How many “passions” have you had in your life? When you were 8, what was it? Working on your boy/girlscout badges? What about 15, a specific sport? What about when you were 18… did it change? Mine did. All of my areas of interest have generally stayed in similar categories but my “passion” has changed. My focus when I was 18 was to become a makeup artist. I’ve always been great at it, and I loved learning about products and colors and techniques. Fast forward three years and I can’t learn enough about great works of literature and the emotions and histories that inspired them. I still enjoy doing makeup, but it’s no longer my passion. Why? Because I pursued it with room for growth. I built an expensive makeup kit, accompanied my friend who, at the time, was an aspiring (now successful) model to each of her photoshoots and did hours worth of work for free. I teamed up with photographers and began doing other models’ faces – actually for decent money. I researched cosmetology schools to go to, what type of makeup field to pursue (film and fashion are two VERY different things), and all the while I was focusing on how to better my craft.

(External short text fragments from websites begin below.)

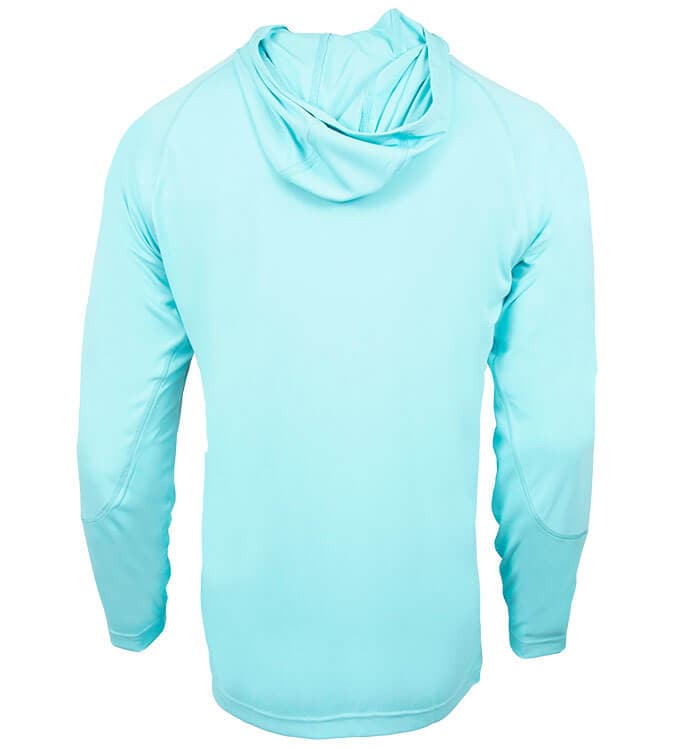 Close-up texture of Hook & Tackle Seamount L/S UV Fishing Hoodie, showcasing its quick-dry, moisture-wicking fabric.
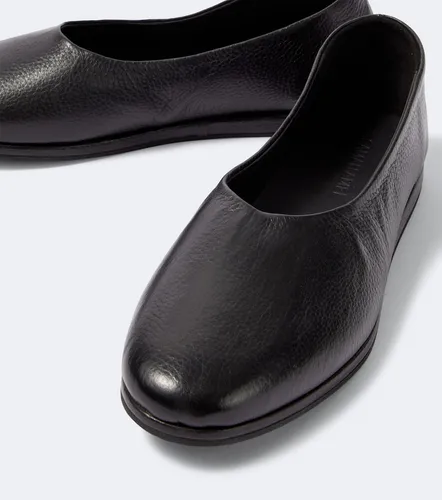 City leather slip-on shoes - Saman Amel - Modalova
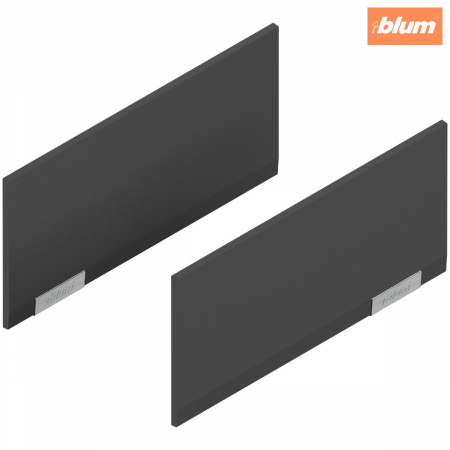 Aventos - AVENTOS HKi, Capac de acoperire pentru mecanismul de ridicare, neted, dreapta+stânga, finisaj gri-închis/inox-g. 24K8000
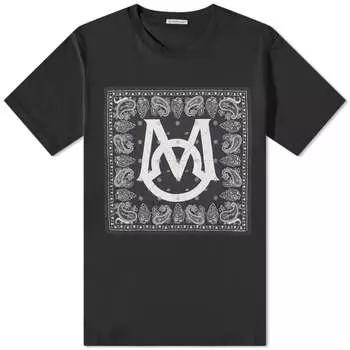 Moncler Бандана Футболка с принтом, черный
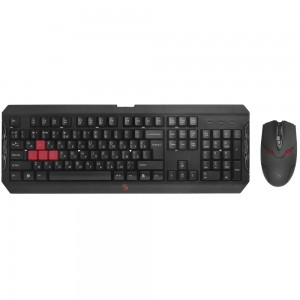 Клавиатура + мышь проводные A4Tech Bloody Q1100 Black / Red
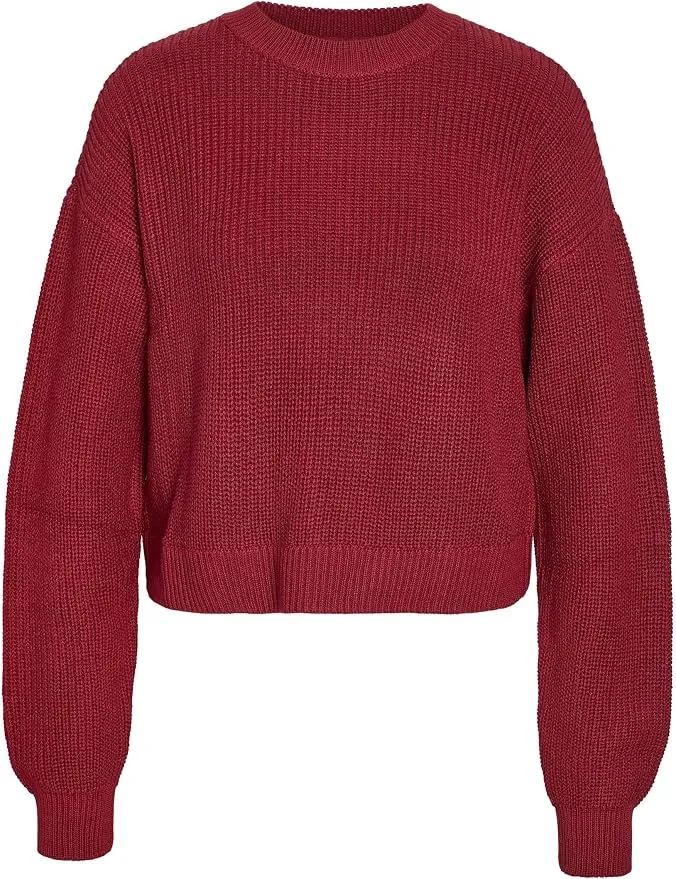 Jersey de Punto Nmmaysa L/S O-Neck Knit con Detalles Juveniles
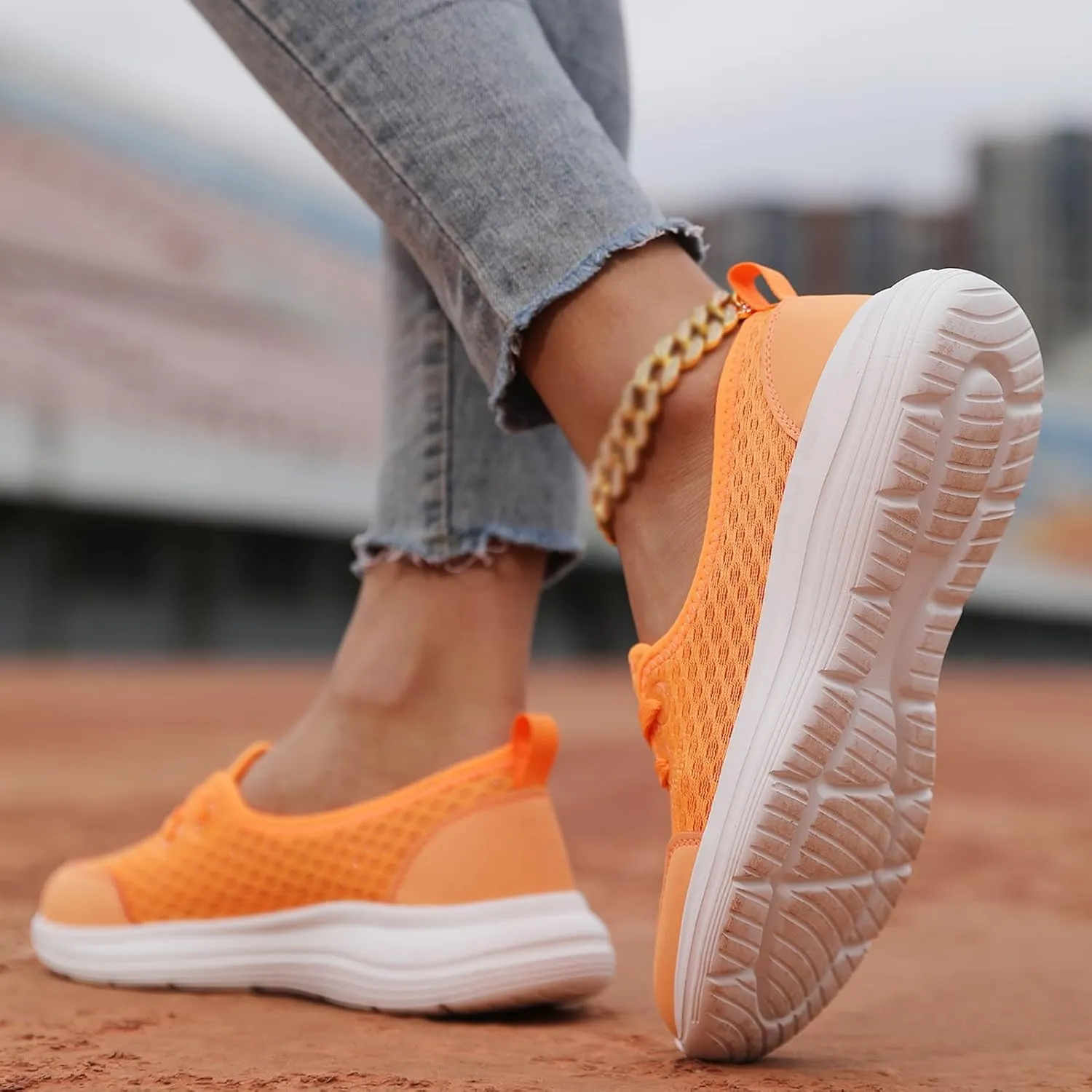Slip On Orthopedic Sneakers for Women Walking Health Shoes Soft Sole Mesh Comfort Shoes Lightweight Wide Width Arch Support Shoe Breathable Comfort Work Sneaker
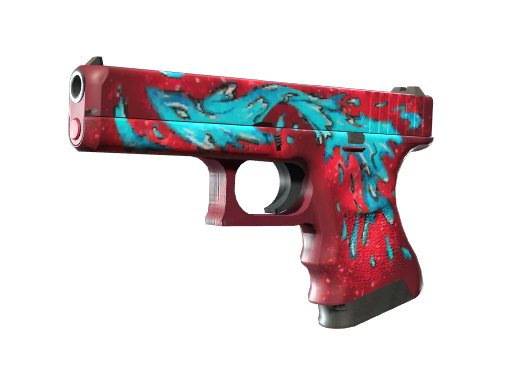 Glock-18 | Water Elemental (Well-Worn)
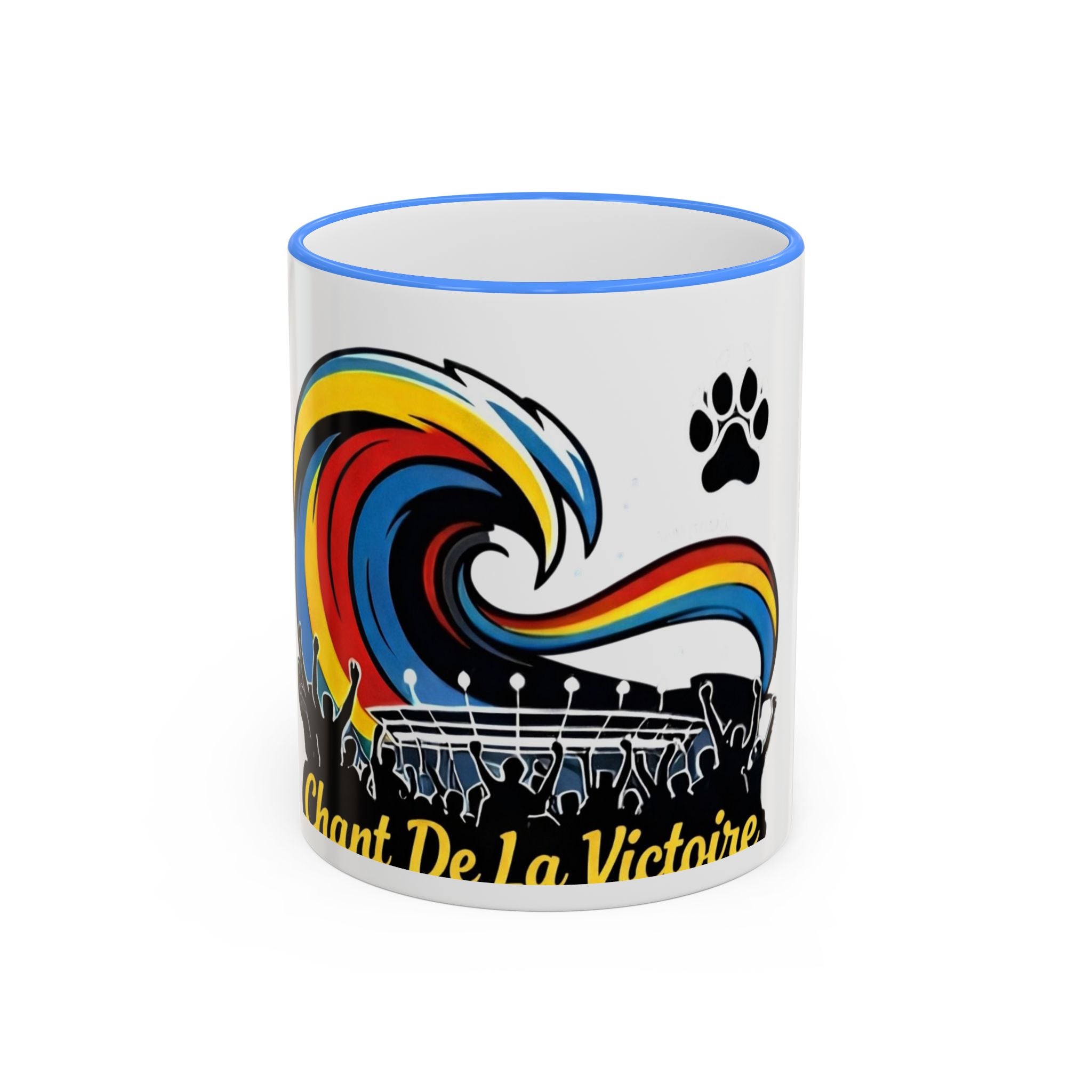 Fan Chant Victoire Wave Mug | Accent Rim & Handle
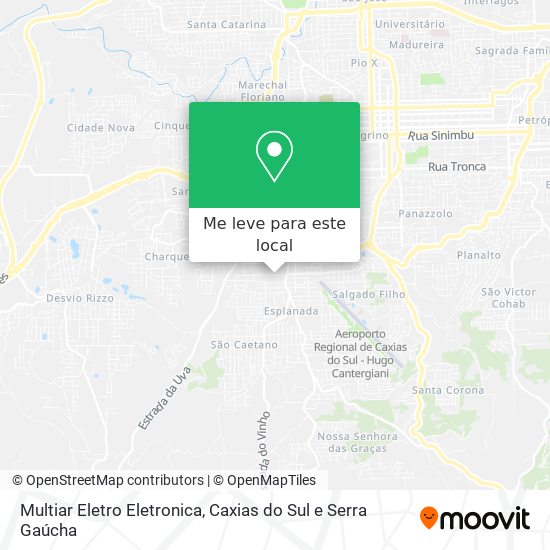 Multiar Eletro Eletronica mapa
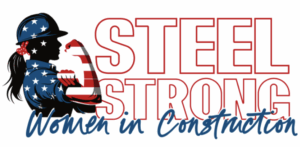 The logo for the SEAA’s Steelstrong Women in Construction initiative. 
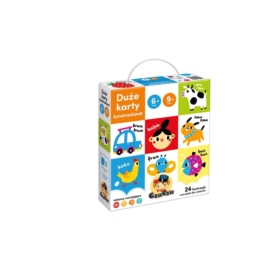 CZUCZU DUŻE KARTY KONTRASTOWE 6-9 M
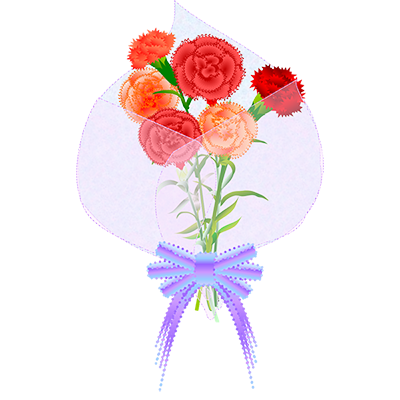 カーネーションの図形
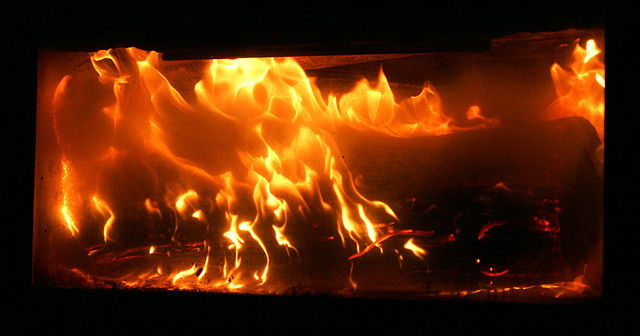 Image:Log in fireplace.jpg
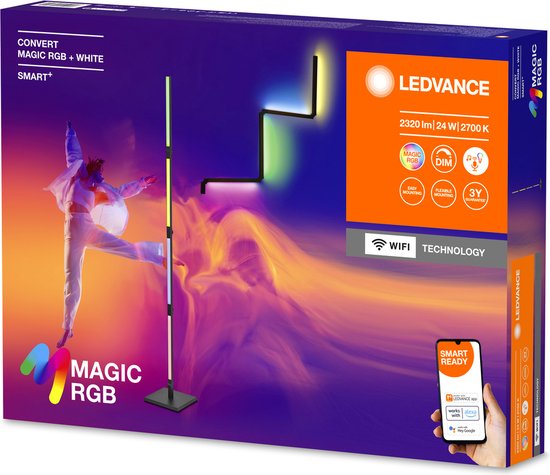 LEDVANCE SMART+ WiFi CONVERT vloerlamp, 24W, 2320lm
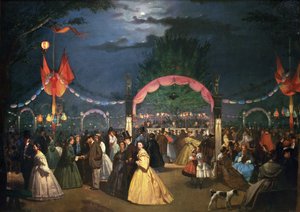 Noche de baile en los Jardines Públicos del Paraíso, Madrid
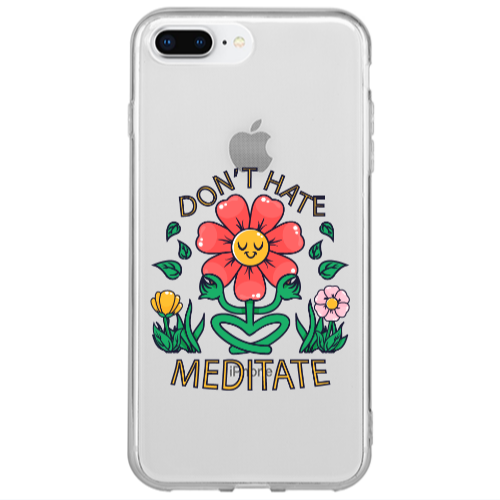 Apple iPhone 7 Plus Meditate Transparent Silicone TPU Θήκη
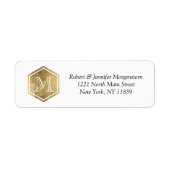 Custom Imitats Gold Foil Monogram Address Labels (Vorne)
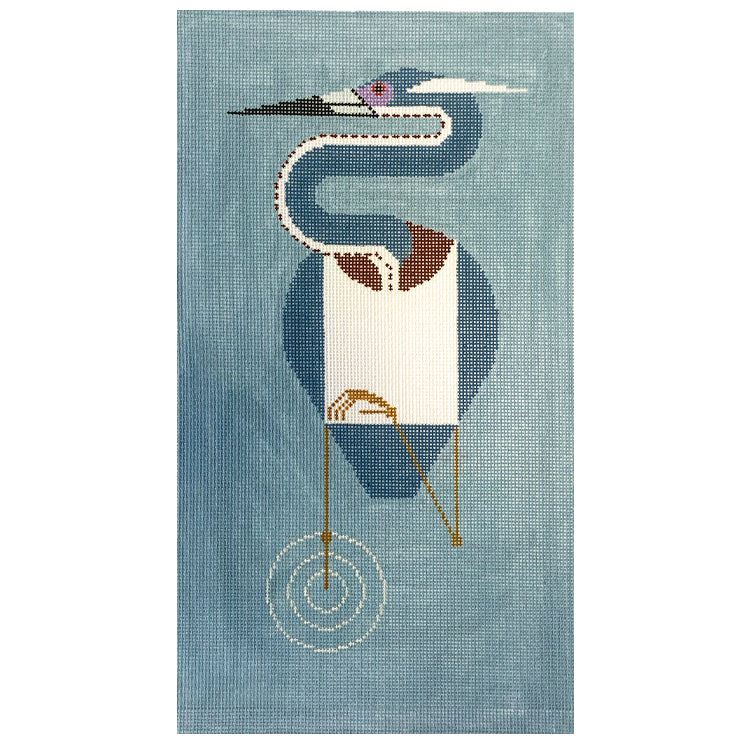 Louisiana Heron Painted Canvas Charley Harper 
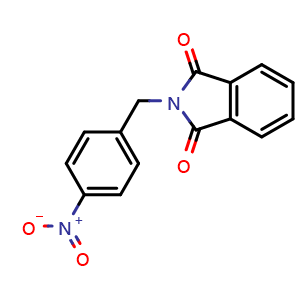 Chemical structure of 2-(4-Nitrobenzyl)-1H-isoindole-1,3(2H)-dione , CAS 62133-07-7, AChemBlock AD255883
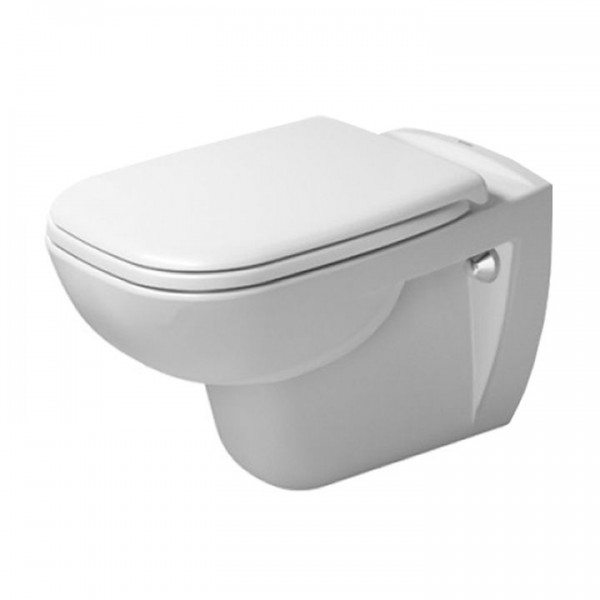 Duravit D-Code Wandtiefspül-WC 2570090000 Rimless® spülrandlos inkl. WC-Sitz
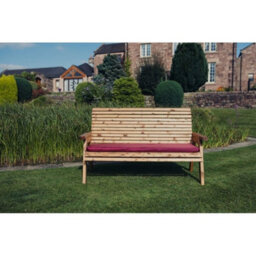 Churnet Valley Garden Furniture Ltd Valley 3 Seat Bench - Timber - L73 X W163 X H95 Cm - Garden Furniture - Fully Assembly - Set Of Waterproof Cushions Included - thumbnail 6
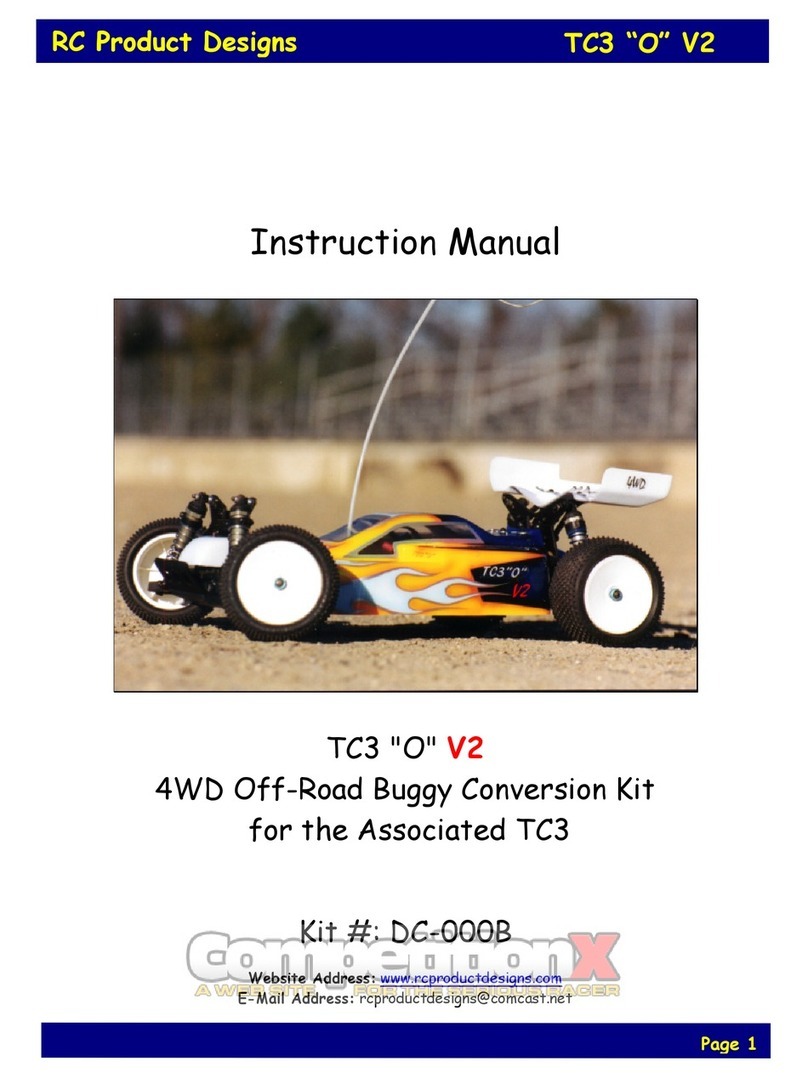 RC Product Designs TC3-O V2 instruction manual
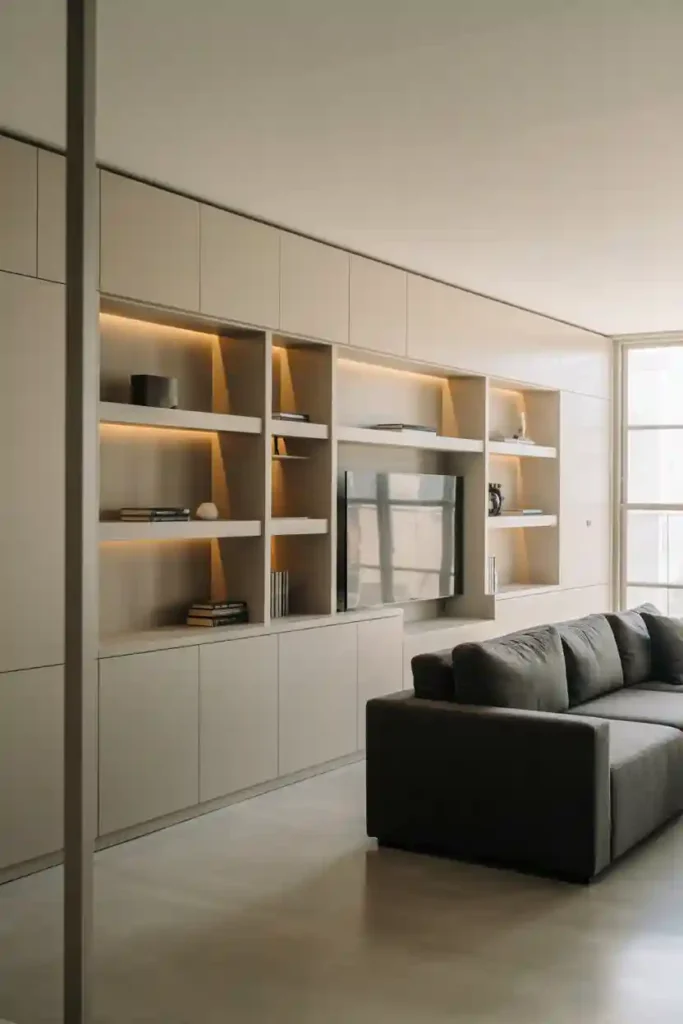 Incorporate Built-In Storage for Clean Lines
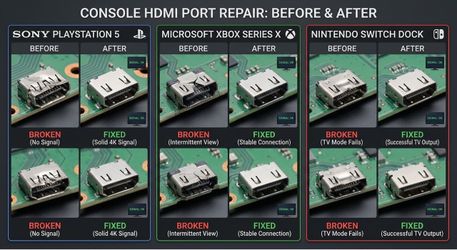HDMI PORT REPAIR ALL CONSOLES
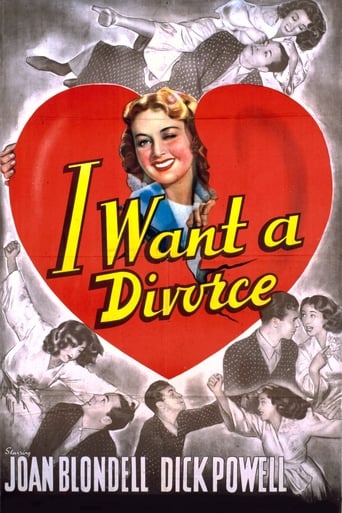 I Want a Divorce (1940)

See, I worked wholeheartedly on pursuing my passion, but something changed. I took a British Literature class and it sparked a new passion for me. I realized that I enjoyed reading poetry more than I enjoyed being a makeup artist. This didn’t happen overnight. As I read for the class, I realized how much poetry could influence my life; how it could help me make sense of things and find new ways to view life. I continued doing makeup for a while, but semesters after that class I was still going back to my textbook and finding new poems. I finally changed my major to English Literature, and as time went on, my interest in makeup artistry burnt out. I still enjoy doing it but I feel that now I’ve found something that makes life worth living. Maybe that sounds extreme, but it’s how I view great writing. Had I not taken the opportunity to learn more about this new interest, I wouldn’t have found my new passion. Likewise, had Steve Jobs not seen the opportunity to make money by selling Apple computers to everyday people, he would not have recognized his passion for being a technological innovator. Computers would have remained only an interest in his life, second to his passion of eastern mysticism. Jobs combined his former passion with his new interest, which shaped his inventive ideas and allowed his new interest to cultivate into a lifelong passion.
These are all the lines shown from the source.